Fire, Water, and Wood: 2024 Gould Lecture

Back to Geography News and Updates

“Reflections on Rivers: Some Reminiscences and Results from Forty Years of River Research” is the title of a talk given by Jacob Bendix, professor of geography and the environment, Maxwell School of Citizenship and Public Affairs at Syracuse University, for 2024’s Gould Lecture. Professor Bendix summarized the talk as an attempt to illustrate some of the complex ways in which rivers interact with their surrounding environment. 

Professor Bendix took a narrative approach, following the development of some of his own thinking and specific examples focus on rivers, riparian vegetation, and wildfire in California. Starting from his academic history in fluvial geomorphology, geomorphology, and his interest in the interaction between vegetation and landforms, Professor Bendix talked about an early project to try to determine if summer storms affected erosion along a streambank. Talking with locals, he learned that the stream was intentionally plowed out to deliver more rain downstream. A fuller picture emerged, and it was both these factors that could have caused the extra erosion.

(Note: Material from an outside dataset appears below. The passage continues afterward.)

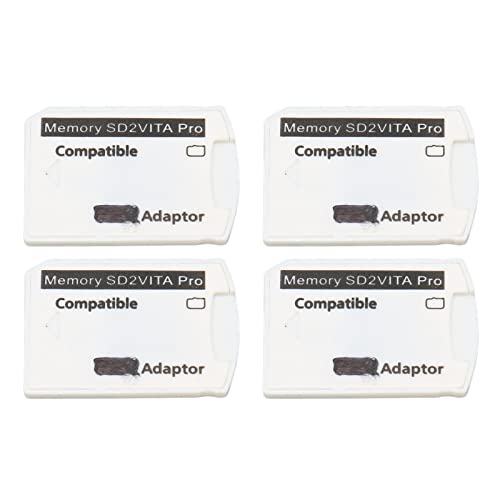 Micro-Speicherkartenadapter für PS Vita 1000 2000 PS TV 5.0 Version Speicherkartenadapter Micro-Speicherkartenadapter für PS Vita 1000 2000 PS TV 5.0 Version Speicherkartenadapter von NIZUUONE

A recurring point is understanding the rivers and then trying to see how that environment and associated vegetation are affected by fire and how frequently, as different vegetation affects the soils differently, in direct and indirect ways. For example, fire burns chaparral directly but then the chaparral secretes a hydrophobic layer in the subsurface when burned. This hydrophobic layer prevents the soils from absorbing heavy rains and leads to more landslides, which lead in turn to the growth of different types of vegetation.   

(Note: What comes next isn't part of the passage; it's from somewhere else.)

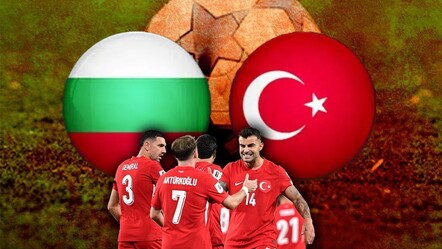 Milli maç bugün mü? Türkiye-Bulgaristan maçının hangi kanalda yayınlanacağı merak ediliyor - Haberler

In another study, where the riparian vegetation burned approximately every 75 years, Professor Bendix observed that most species resprouted except the dominant species, leading to compositional change of the vegetation around the river. Surprisingly, distance from the stream seemed irrelevant and led to the conclusion that fire homogenizes the vegetation around the river. The study was periodic and could not contain the entire lifecycle of all the vegetation and changes of the drainage basin and the climate. Time must therefore be considered in a study — the duration to achieve various levels of vegetation growth and the timing of observations relative to growth and fire (re-)occurrence.

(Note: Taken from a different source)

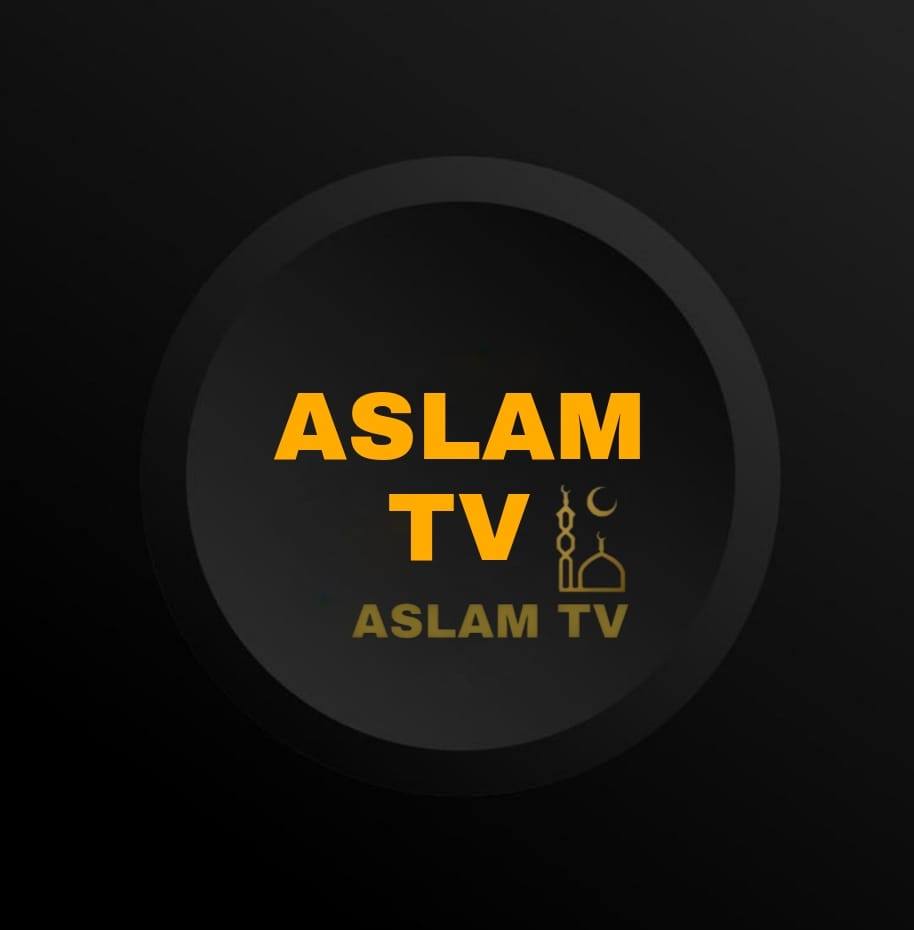 ASLAM TV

To paraphrase Professor Bendix, it is the interactions of many things in the cycle that cause the changes we can only see in brief flashes of time.

Professor Bendix earned degrees in geography from the universities of California–Berkeley, Wisconsin–Madison, and Georgia, with employment in between as a bookseller, house painter, and wildland firefighter, before teaching two years at Georgia and 29
years at Syracuse University. His research interests focus on the often overlapping realms of fluvial geomorphology, riparian ecology, and pyrogeography.